From my latest reading, Stalin’s Last Crime: The Plot Against the Jewish Doctors, 1948-1953, I learned a wonderful Russian word. On the bottom of p. 107, the authors say that Stalin called one of his vile minions, Mikhail Ryumin, “a shibsdik (pygmy).” This word шибздик (which to an English-speaker sounds irresistibly like “sheep’s-dick”; Vasmer says it’s from бздеть [bzdet’], one of the words for ‘fart’ I wrote about here) is better translated “half-pint” or “pipsqueak”; it’s a slang term for an unusually small person. The third (1903–1910) edition of Dahl’s dictionary, revised by Baudouin de Courtenay, includes it as a dialectal term from the regions of Pskov and Tver; its first literary use seems to have been in Kuprin‘s notorious 1915 novel Yama (The Pit), with its lurid description of the life of prostitutes, about which Nina Berberova wrote in her memoirs:
This book had a stunning impression on me. No other book has had such an effect on me. I told Aleksandr Kuprin this when once, as a guest at Prince V.V. Baryatinsky’s in Paris in 1929, I was left alone with him in the living room after all the others had gone into the dining room. Kuprin was like an old Tatar in those years, in some ways reminiscent of my grandfather of Tver. With his head swaying and his hands drooping, he seemed decrepit and sleepy.

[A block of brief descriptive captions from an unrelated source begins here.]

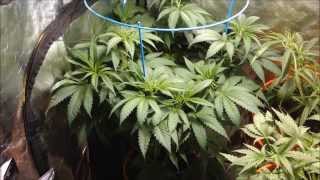 Veg Tent - 9/23/13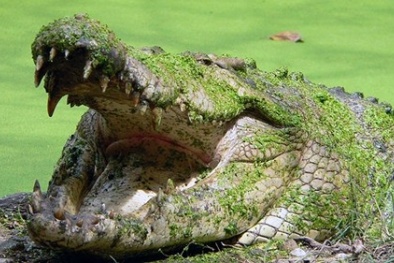 Anh hùng giết cá sấu khổng lồ trả thù cho vợ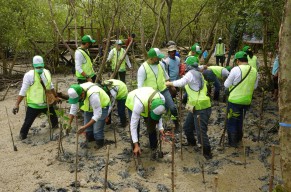 Kurangi Abrasi di Pesisir Pantai, Seribu Bibit Mangrove Ditanam di Desa Banyuurip Gresik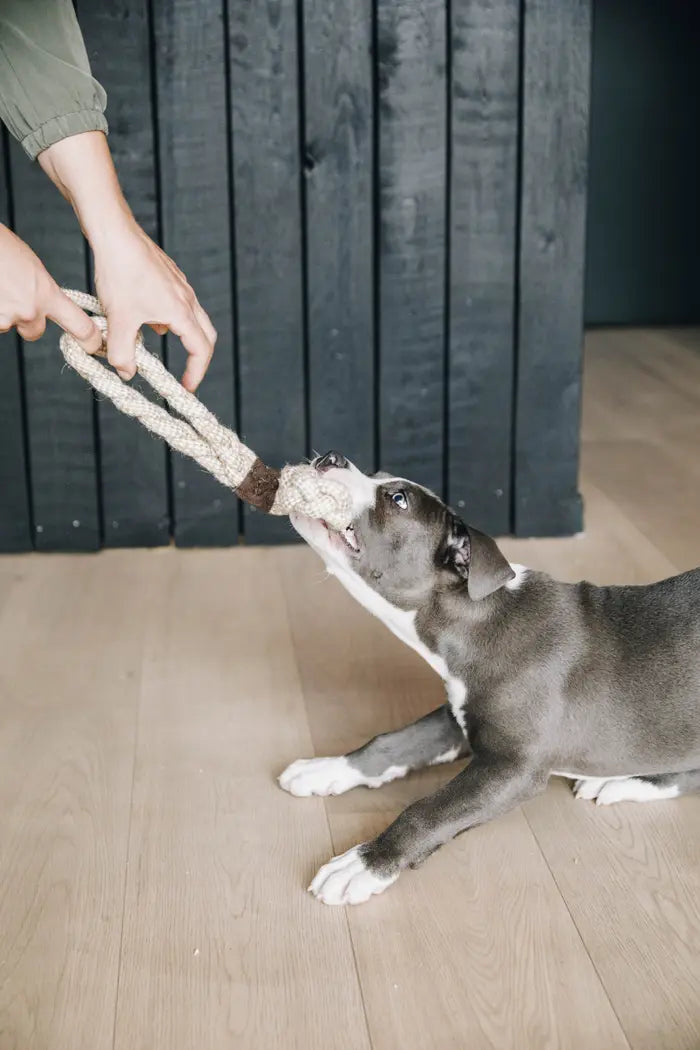 Kentucky Cotton Rope Dog Toy
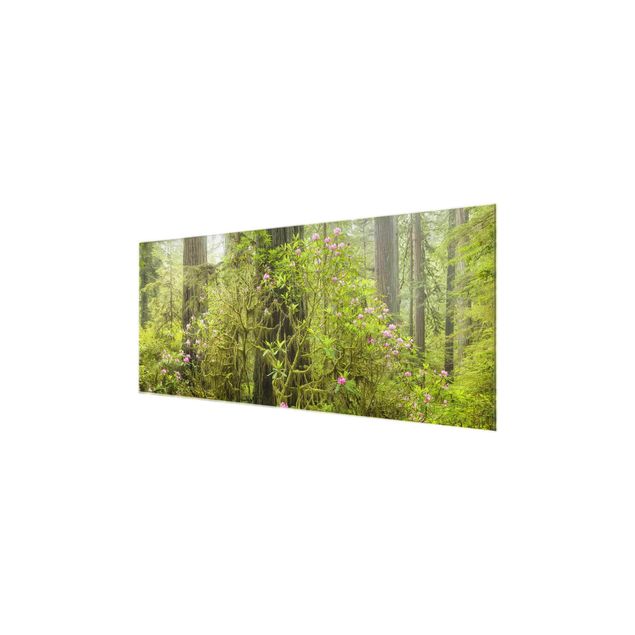 Tableau verre paysage Parc d'État des séquoias de la côte Del Norte Californie
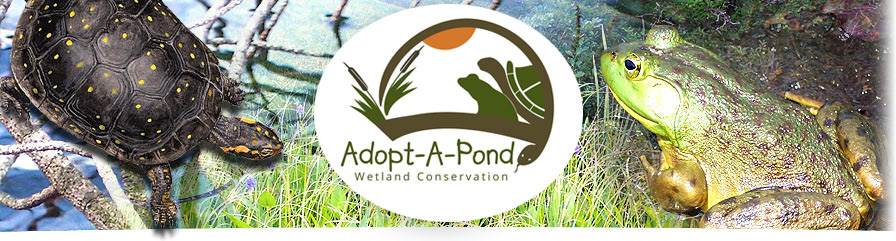 Adopt-A-Pond Wetland Conservation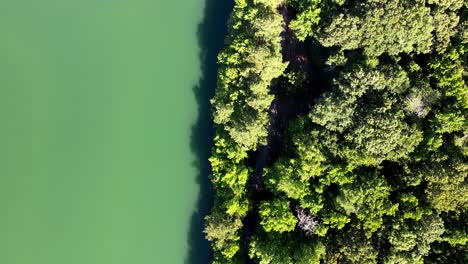 Aerial-Birds-Eye-Flying-Over-Tree-Tops-And-Green-Lake-In-Chesapeake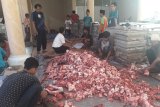 Ponpes Riyadus Sholihin bagikan 1.700 daging kurban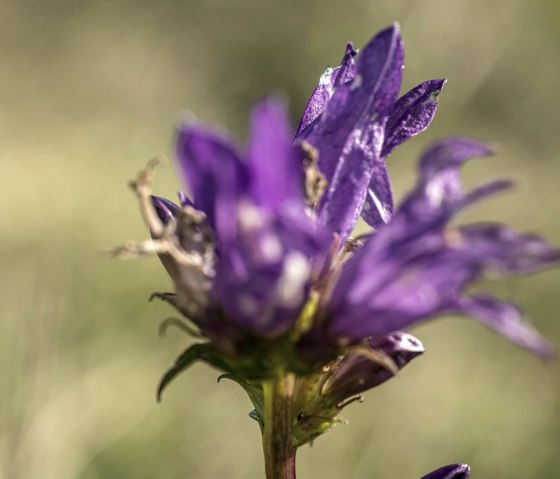Plant diversity, EifelSpur Tuscany of the Eifel, © Eifel Tourismus, Dominik Ketz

He heard me out, slowly picked a cherry from a vase and asked me to take it in my mouth by the stem. The cherry hung on my chin. He moved over towards me and carefully took the cherry in his mouth, hardly touching me. When he had spat out the pit, he said:
‘This is my last phase.’
I was terribly sorry for him but said nothing.
The word has only been used a dozen times in the literature available in the Russian National Corpus, but those uses include works by Zoshchenko, Platonov, the Strugatskys, and Viktor Astafyev. My question for Russian speakers: is this word still in use?